WHAT NEEDS TO BE DONE = Down to the last line, set down the material below exactly; skip the pictures.

RECORDS FOR THE TASK START

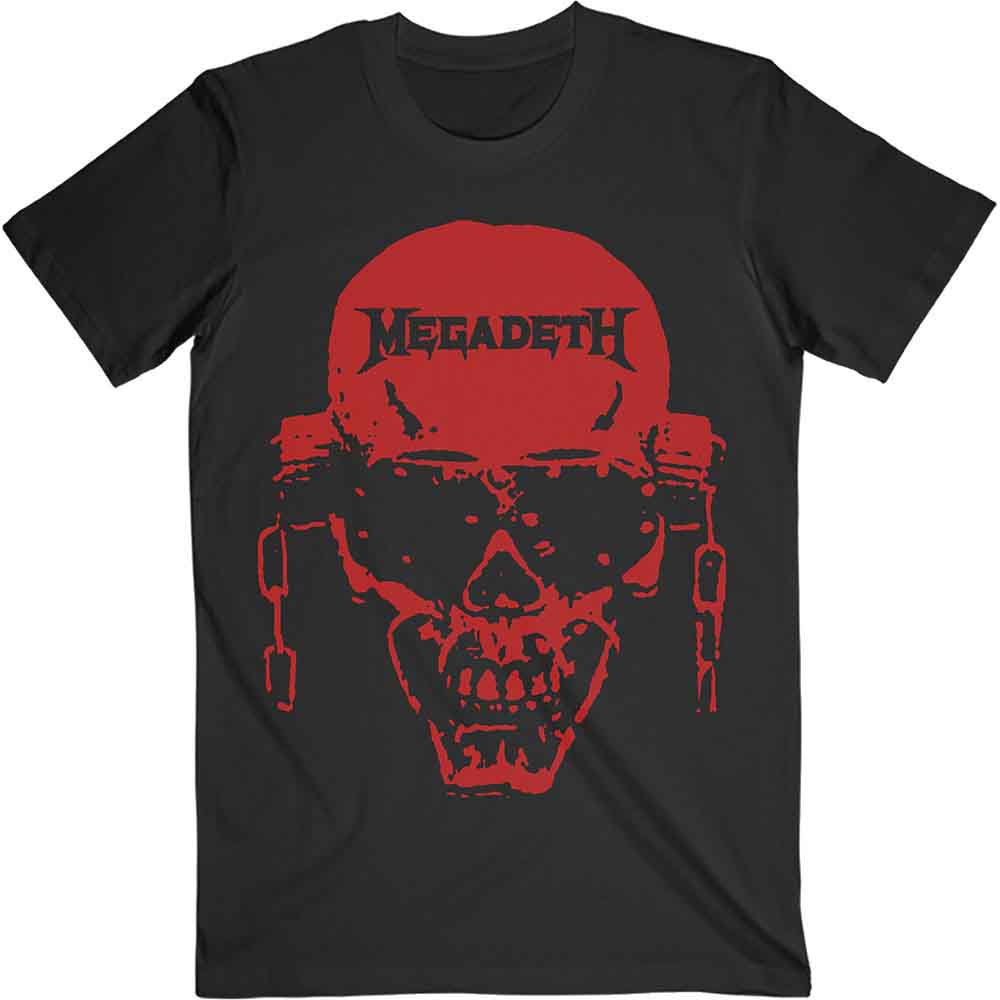 Megadeth Vic Hi-Contrast Red [T-Shirt] - Rock Band Apparel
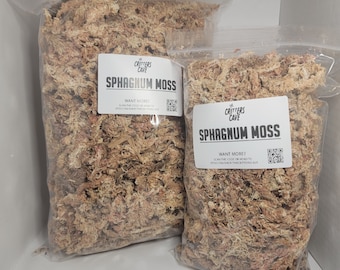 New Zealand Long Fiber Sphagnum Moss | 1Q & 1G | Low Dust | Humid Enclosures | Jumping Spiders | Isopods And Springtails | The Critters Cave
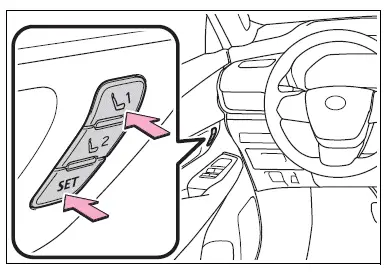 Driving position memory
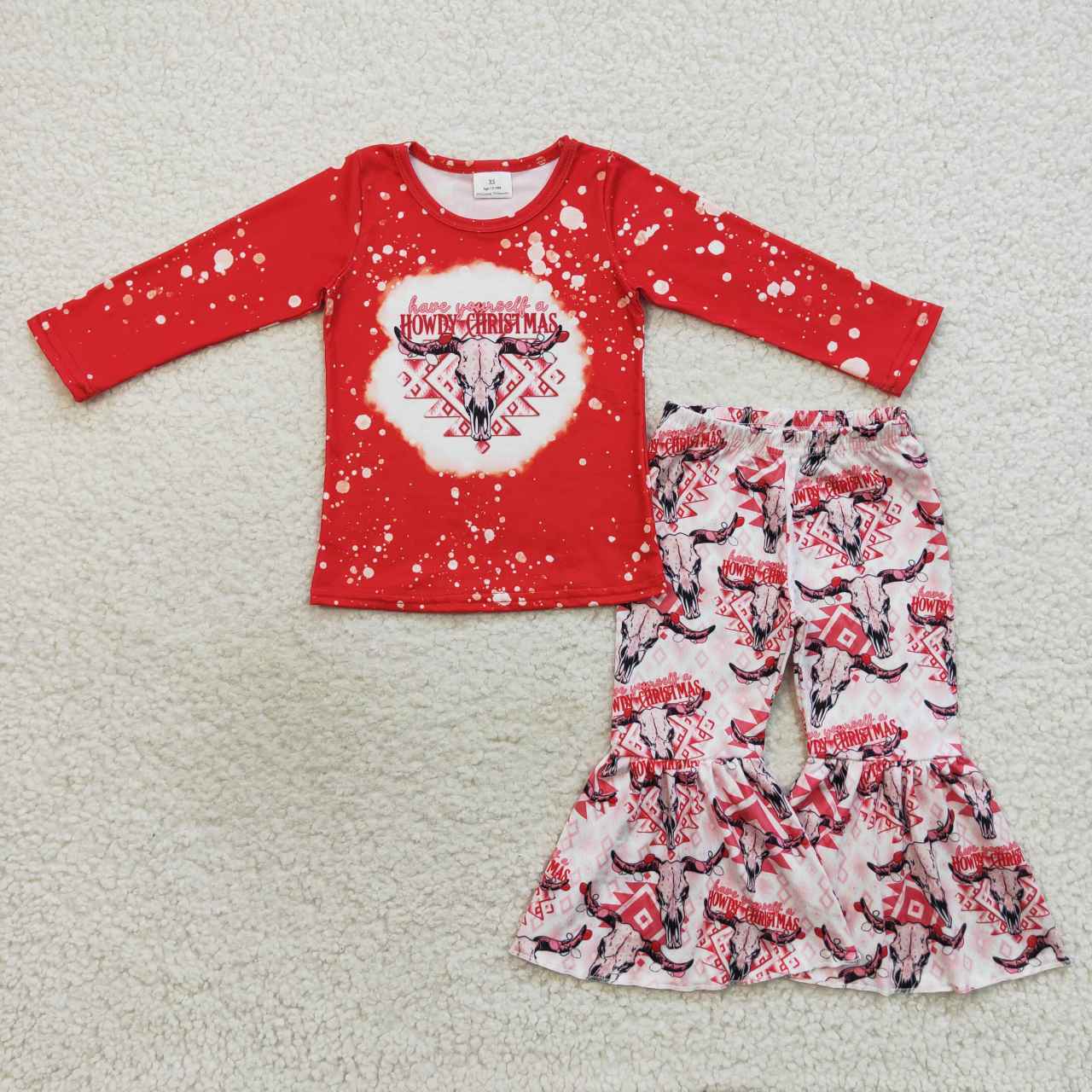 Western Cow Print Girls Set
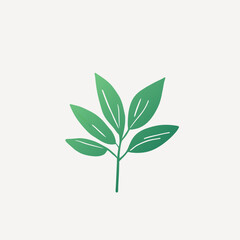 watercolor hand drawn green leaves with sketches vector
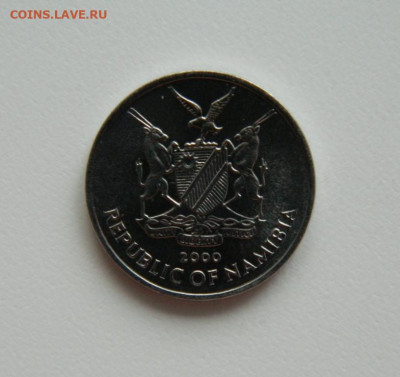Намибия 5 центов 2000 г. (Юбилейная) Фауна до 30.01.24 - DSCN1317.JPG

RECORDS FOR THE TASK END

TASK OUTPUT =
 Megadeth Vic Hi-Contrast Red [T-Shirt] - Rock Band Apparel
 New Zealand Long Fiber Sphagnum Moss | 1Q & 1G | Low Dust | Humid Enclosures | Jumping Spiders | Isopods And Springtails | The Critters Cave
 Driving position memory
 Western Cow Print Girls Set
 watercolor hand drawn green leaves with sketches vector
Намибия 5 центов 2000 г. (Юбилейная) Фауна до 30.01.24 - DSCN1317.JPG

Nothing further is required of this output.